5) Finally, we send out an END TRANSACTION step to all AMPs involved
in processing the request.
-> The contents of Spool 1 are sent back to the user as the result of
statement 1. The total estimated time is 26.80 seconds.
The current blueprint for executing our benchmark query appears encouraging.
The join step utilizes dynamic partition elimination in a product join.
Knowing that the left table (TMP_COL1) has only one row, we can anticipate improved query performance compared to our previous two queries.
The FSG stores the TMP_COL1 row and compares it to the matching partition where COL1=’100′.
Hence, a product join’s impact ought to be inconsequential, while a dynamic partition is expected to enhance query performance notably.
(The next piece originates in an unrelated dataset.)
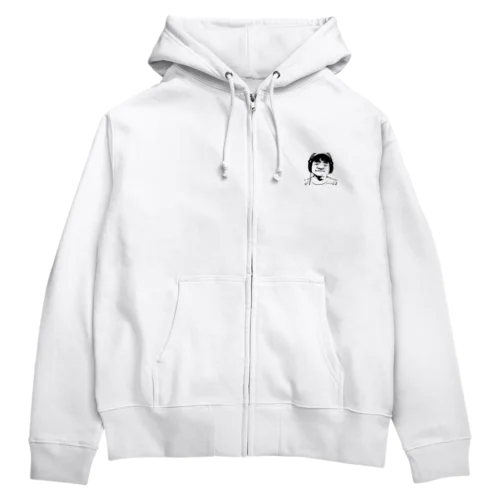 やさしいおっさん Zip Hoodie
In fact, the performance diagram below illustrates that we are achieving nearly identical performance results (with only a slight increase in CPU seconds) as the benchmarking query that utilized static partition elimination.
Rows | Disk IOs | CPU Seconds | Spool Space |
108.121.087,00 | 295.099,00 | 596,86 | 21.214.113.280,00 |
Conclusion:
Although the optimizer generally performs well, analyzing the execution plan and seeking potential enhancements is beneficial. In this case, a minor query rewrite could decrease disk IO by 50%.